Women at an anti-FARC protest in Medellin, Colombia
Women at an anti-FARC protest in Medellin, Colombia
Mauricio Rubio

BOGOTA — Maria Carolina Rodríguez, who describes herself as an "upper-middle class mother from Bogotá," was kidnapped by the communist Revolutionary Armed Forces of Colombia (FARC) in 2001. Her captivity allowed her a rare glimpse at how one group of female guerrillas were treated by their male comrades.

Rodríguez kept notes during her captivity, which she published in 2008, six years after her escape called Diario de mi Cautiverio ("Diary of my Captivity.") What follows are some of her observations on gender amid the would-be revolutionaries.

Of the FARC"s fighters she wrote, "all of them were young, some of them too young. They almost seemed like children."

Initially she was surprised by the noises she heard at night, "laughter and exaggerated cries from the women. One of them shouted out as a joke, "they're going to rape me," and laughed. I found their lifestyle astounding, so strange to me. But I had the impression they were having a great time."

Teenage behavior

Her notes coincide with the testimonies of several former FARC fighters. "There are seven female guerillas here, all aged below 16 years," she writes. "It's very sad: They are almost prostitutes ... these girls are being used by the guerrillas or better said, the group's system."

The system she refers to was apparently meant to keep the men happy — through the obliging conduct of their female comrades. "There is a 14-year-old girl who is sick, since the hostages say she is pissing blood ... the girls have no fixed partners, and circulate between various men. Those who have been kept hostage for a while have seen them with three men at least in recent months."

The stepfather of one of the girls had tried to rape her several times, which is why she left home and took up arms. Several guerrillas have used her. She was in love with one of them, but they broke up ... then another one raped her. She isn't 15 years old yet, and has already had several users (I can hardly call them lovers)."

Rodríguez observes that the female fighters do not seem to mind this treatment so much, perhaps for their scant education.
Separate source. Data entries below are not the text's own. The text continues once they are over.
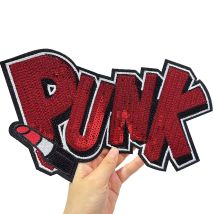1 STÜCK PUNK Pailletten-Buchstaben-Aufnäher – Glam-Aufbügel-Applikation für selbstgemachte Kleidung/Taschen, trendige Streetwear-Verzierung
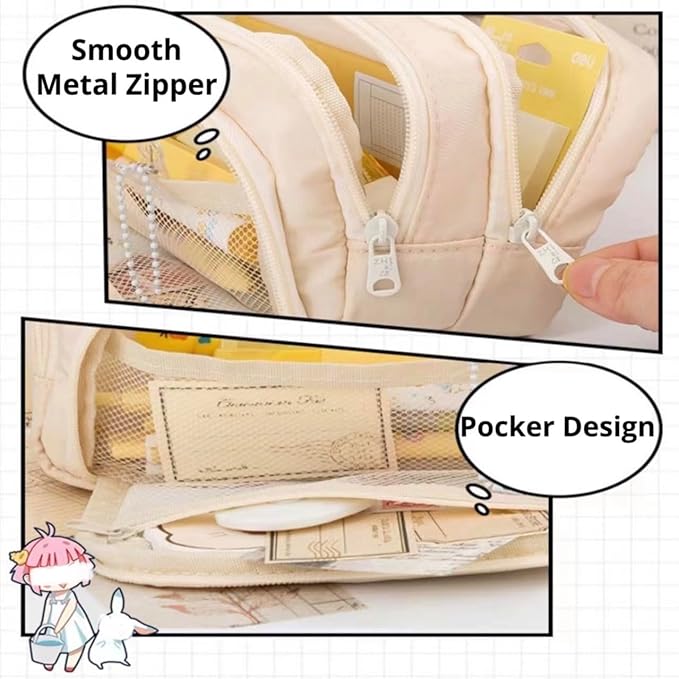 Big Capacity Pencil Case 3 Compartments Large Pencil Pouch Pen Bag Pencil Box Holder Organizer Simple Storage Aesthetic Stationery Cosmetic for Adults Men Women Office Essentials (Black)
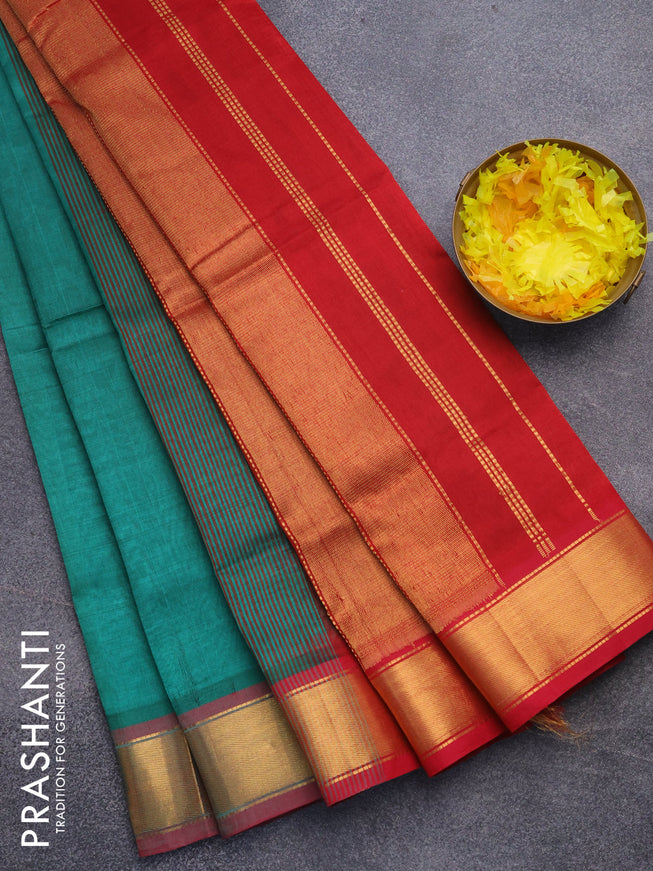 Silk cotton saree green shade and red with plain body and zari woven border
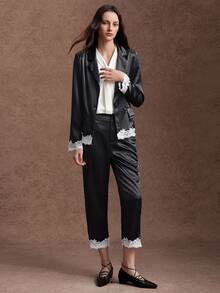Trelyra 2 Pieces Set Glossy Satin Lace Contrast Color Design Long Sleeve Jacket And Pants Casual Commute,Autumn/Winter,Back To School, Party Outfit,Dinner - Black - View 10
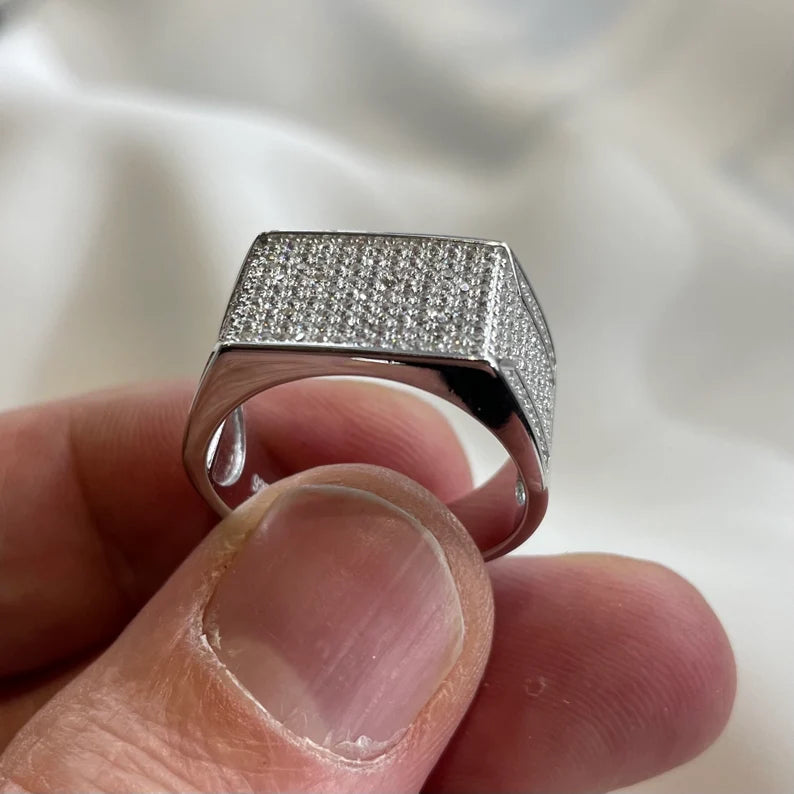 Men's pinky Rings 925 sterling silver rings Decorated with AAA CZ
One of them, dubbed La Pollo, had no idea one of the men was a hostage, and told him "go away, go on, I'll say I didn't see you."

The nurse she writes, "is a girl who can barely read. They call her that because she hands out pills."

Rodríguez also notes that one of the male soldiers is 17, and already has a three-year-old daughter. Of the FARC's contraceptive methods, she recalled that "they inject the girls once a month to avert pregnancies, but many of them have problems. One hasn't had her period for six months, another has bleeding spells that can last two months." She found out about the drastic birth control methods one night when "a girl could be heard crying, shouting and begging no, no. The next day I was told she is terrified of needles and was shouting because she was going to be given the regulation injection."

Like other hostages who've mentioned recruitment of young people in the brothels of drug-producing areas, Rodríguez observes that one of the seven women had been a prostitute before joining the FARC.

Almost a half century ago the writer Virginia Gutiérrez de Pineda observed that in the Colombian countryside, "the woman's conduct brings disgrace when she deviates from cultural guidelines in sexual terms." She declared in interviews how she had perceived "bristling aggressiveness" in the punishment of women who had violated "the norms of marital fidelity." She also cited land tenure as "another of the sources of conflict" in Colombia.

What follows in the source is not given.